What is needed: From the material below, retype exactly the lines that begin at the line with "Dr. Oetker Kypřicí prášek do pečiva 5ks" and end after the line with "Nineties Anxiety on"; pictures stay out of the copy.

[[ Records provided, beginning ]]

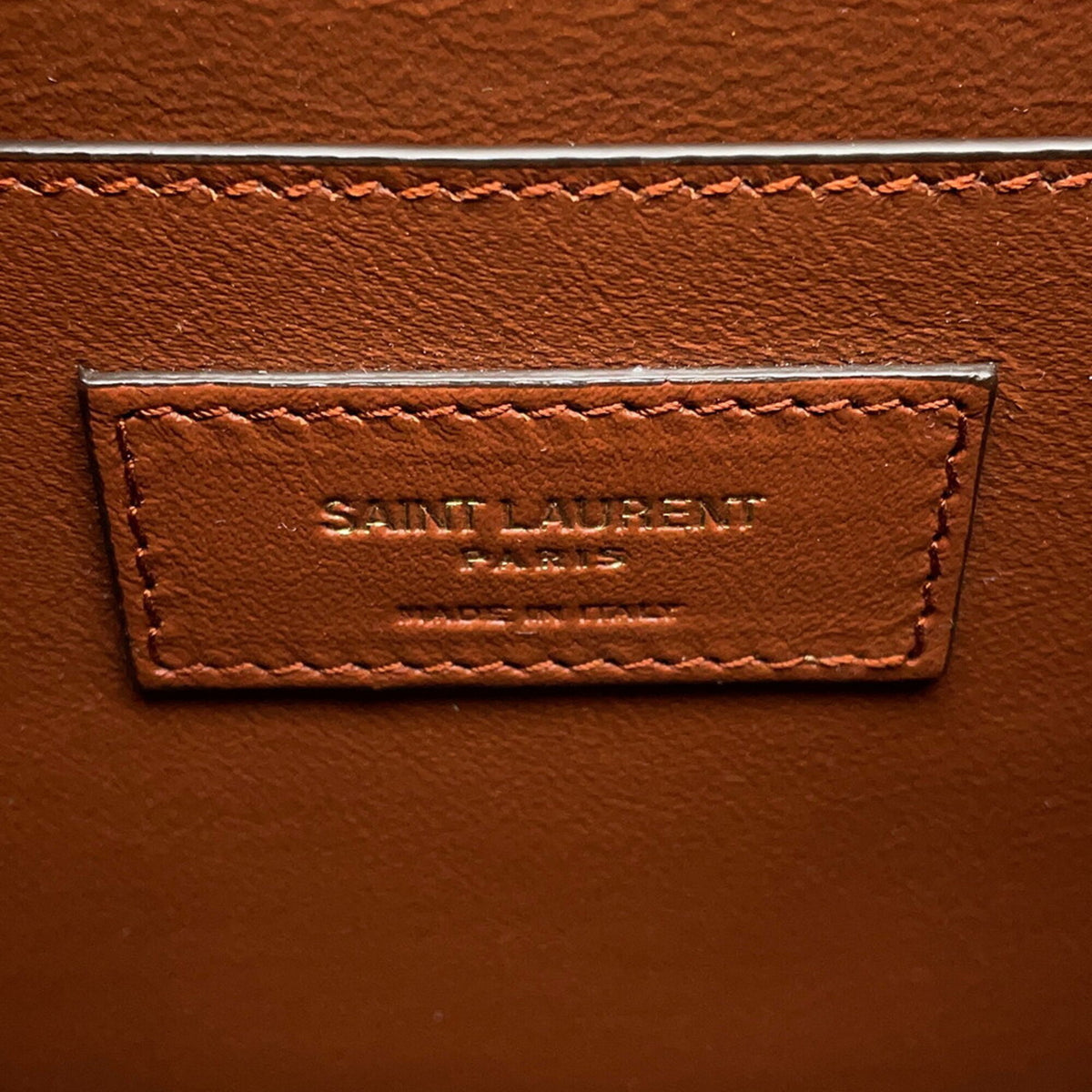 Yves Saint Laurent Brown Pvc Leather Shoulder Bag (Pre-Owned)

[[ Records provided, end ]]
[[ Records provided, beginning ]]

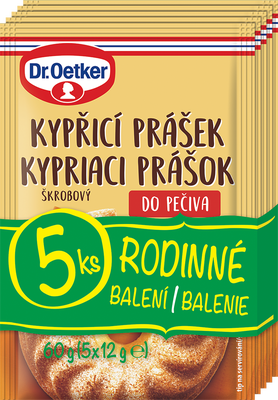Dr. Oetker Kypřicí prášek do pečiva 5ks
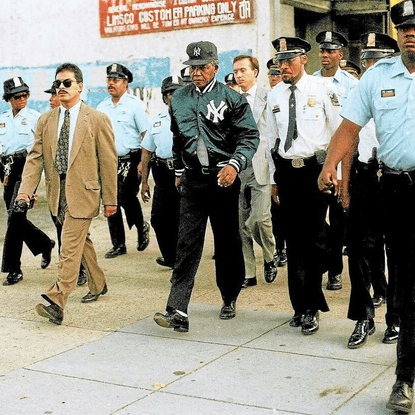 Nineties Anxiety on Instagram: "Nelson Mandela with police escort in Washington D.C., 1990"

[[ Records provided, end ]]
[[ Records provided, beginning ]]

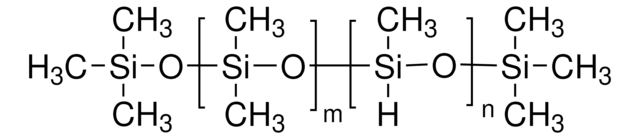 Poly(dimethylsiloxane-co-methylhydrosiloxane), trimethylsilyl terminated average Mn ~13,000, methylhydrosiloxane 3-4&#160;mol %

[[ Records provided, end ]]

Answer section:
Dr. Oetker Kypřicí prášek do pečiva 5ks
 Nineties Anxiety on Instagram: "Nelson Mandela with police escort in Washington D.C., 1990"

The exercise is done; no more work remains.